View attachment 4334

By Cauchy's theorem, $$ \oint_C e^{-z^3}dz = 0,$$ where $C$ is the wedge-shaped contour consisting of the interval $C_1 = [0,R]$ of the real axis, $C_2$ is the arc $\{Re^{i\theta}:0\leqslant \theta \leqslant \pi/6\}$ and $C_3$ is the line from $Re^{i\pi/6}$ to the origin.

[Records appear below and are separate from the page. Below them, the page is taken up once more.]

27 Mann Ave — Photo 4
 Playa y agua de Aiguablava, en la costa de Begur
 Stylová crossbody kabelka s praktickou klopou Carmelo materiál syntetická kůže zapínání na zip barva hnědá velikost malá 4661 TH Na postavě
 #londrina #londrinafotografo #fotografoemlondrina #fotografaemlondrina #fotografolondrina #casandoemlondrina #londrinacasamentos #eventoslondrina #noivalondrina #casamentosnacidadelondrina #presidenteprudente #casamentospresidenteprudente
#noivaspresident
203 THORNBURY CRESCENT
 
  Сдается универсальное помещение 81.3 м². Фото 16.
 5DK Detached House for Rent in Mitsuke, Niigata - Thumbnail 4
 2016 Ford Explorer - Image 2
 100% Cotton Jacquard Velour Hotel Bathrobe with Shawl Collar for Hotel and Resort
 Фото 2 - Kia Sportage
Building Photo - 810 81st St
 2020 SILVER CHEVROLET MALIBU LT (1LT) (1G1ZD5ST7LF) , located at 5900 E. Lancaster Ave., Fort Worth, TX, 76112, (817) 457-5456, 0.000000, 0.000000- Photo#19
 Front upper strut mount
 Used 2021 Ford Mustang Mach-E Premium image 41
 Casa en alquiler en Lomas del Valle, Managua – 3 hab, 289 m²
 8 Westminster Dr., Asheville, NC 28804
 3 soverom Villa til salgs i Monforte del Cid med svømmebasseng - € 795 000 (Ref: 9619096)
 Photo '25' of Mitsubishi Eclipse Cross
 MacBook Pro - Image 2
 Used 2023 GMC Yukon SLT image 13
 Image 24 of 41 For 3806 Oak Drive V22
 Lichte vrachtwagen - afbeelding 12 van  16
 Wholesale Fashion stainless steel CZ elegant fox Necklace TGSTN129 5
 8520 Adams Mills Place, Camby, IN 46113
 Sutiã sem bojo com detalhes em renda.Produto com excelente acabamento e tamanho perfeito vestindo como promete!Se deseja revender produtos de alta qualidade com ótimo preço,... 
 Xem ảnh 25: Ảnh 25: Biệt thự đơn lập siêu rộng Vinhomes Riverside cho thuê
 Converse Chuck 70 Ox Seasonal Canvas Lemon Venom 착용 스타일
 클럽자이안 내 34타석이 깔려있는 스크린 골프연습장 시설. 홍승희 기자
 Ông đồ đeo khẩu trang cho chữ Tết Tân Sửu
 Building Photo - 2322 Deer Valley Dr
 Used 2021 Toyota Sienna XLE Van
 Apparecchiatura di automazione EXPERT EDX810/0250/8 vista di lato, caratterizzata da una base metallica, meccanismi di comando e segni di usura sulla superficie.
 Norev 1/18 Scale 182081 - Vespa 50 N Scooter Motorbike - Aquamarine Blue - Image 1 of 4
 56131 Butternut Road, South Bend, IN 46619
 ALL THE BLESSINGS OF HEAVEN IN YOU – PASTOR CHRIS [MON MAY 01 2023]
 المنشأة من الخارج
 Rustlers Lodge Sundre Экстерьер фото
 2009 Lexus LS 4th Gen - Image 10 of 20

Taking the limit as $R\to\infty$, $$\int_{C_1}e^{-z^3}dz \to \int_0^\infty e^{-x^3}dx.$$ Substitute $y=x^3$ to get $$\int_0^\infty e^{-y}\frac{dy}{3y^{2/3}} = \frac13\int_0^\infty y^{\frac13-1}e^{-y}dy = \tfrac13\Gamma\bigl(\tfrac13\bigr) = \Gamma\bigl(\tfrac43\bigr).$$

Along $C_2$ the integral goes to zero as $R\to\infty.$ On $C_3$, make the substitution $z=re^{i\pi/6}$, getting $$\int_{\infty}^0 e^{-ir^3}e^{i\pi/6}\,dr = -\bigl(\cos\tfrac\pi6 + i\sin\tfrac\pi6\bigr) \int_0^\infty \bigl(\cos(r^3) - i\sin(r^3)\bigr)\,dr.$$ Now add the three integrals and take the real and imaginary parts to get $$-\frac{\sqrt3}2 \int_0^\infty \cos(x^3)\,dx - \frac12 \int_0^\infty \sin(x^3)\,dx + \Gamma\bigl(\tfrac43\bigr) = 0,$$ $$-\frac12\int_0^\infty \cos(x^3)\,dx + \frac{\sqrt3}2\int_0^\infty \sin(x^3)\,dx = 0.$$ Solve those two simultaneous equations for the two integrals, getting $$\int_0^\infty \cos(x^3)\,dx = \tfrac{\sqrt3}2\Gamma\bigl(\tfrac43\bigr).$$

Finally, $x^3$ is an odd function and $\cos x$ is even, so $ \cos(x^3)$ is even, and $$\int_{-\infty}^\infty \cos(x^3)\,dx = 2\int_0^\infty \cos(x^3)\,dx = \sqrt3\Gamma\bigl(\tfrac43\bigr).$$

2. chisigma's solution

Spoiler

Let's define...

$\displaystyle g(t) = \int_{0}^{\infty} \cos(tx^3) \ dx\ (1)$

... and compute the L.T. of (1)...

$\displaystyle \mathcal {L}\ \{g(t)\} = \int_{0}^{\infty} e^{- s t} \int_{0}^{\infty} \cos (tx^{3})\ d x\ d t= \int_{0}^{\infty} d x\ \int_{0}^{\infty} e^{- s t}\ \cos(t x^{3})\ d t = \int_{0}^{\infty} \frac{s}{s^{2} + x^{6}} = \frac{\pi}{3\ s^{\frac{2}{3}}}\ (2) $

Taking the inverse L.T. of (2)...

$\displaystyle \mathcal{L}^{-1} \left\{ \frac{\pi}{3\ s^{\frac{2}{3}}} \right\} = \frac{\pi}{3\ \sqrt{t}\ \Gamma (\frac{2}{3})}$

... so that for t=1 we obtain...

$\displaystyle \int_{0}^{\infty} \cos(x^3) \ dx = \frac{\pi}{3\ \Gamma(\frac{2}{3})}\ \implies \int_{- \infty}^{+ \infty} \cos(x^3) \ d x = \frac{2\ \pi}{3\ \Gamma (\frac{2}{3})} $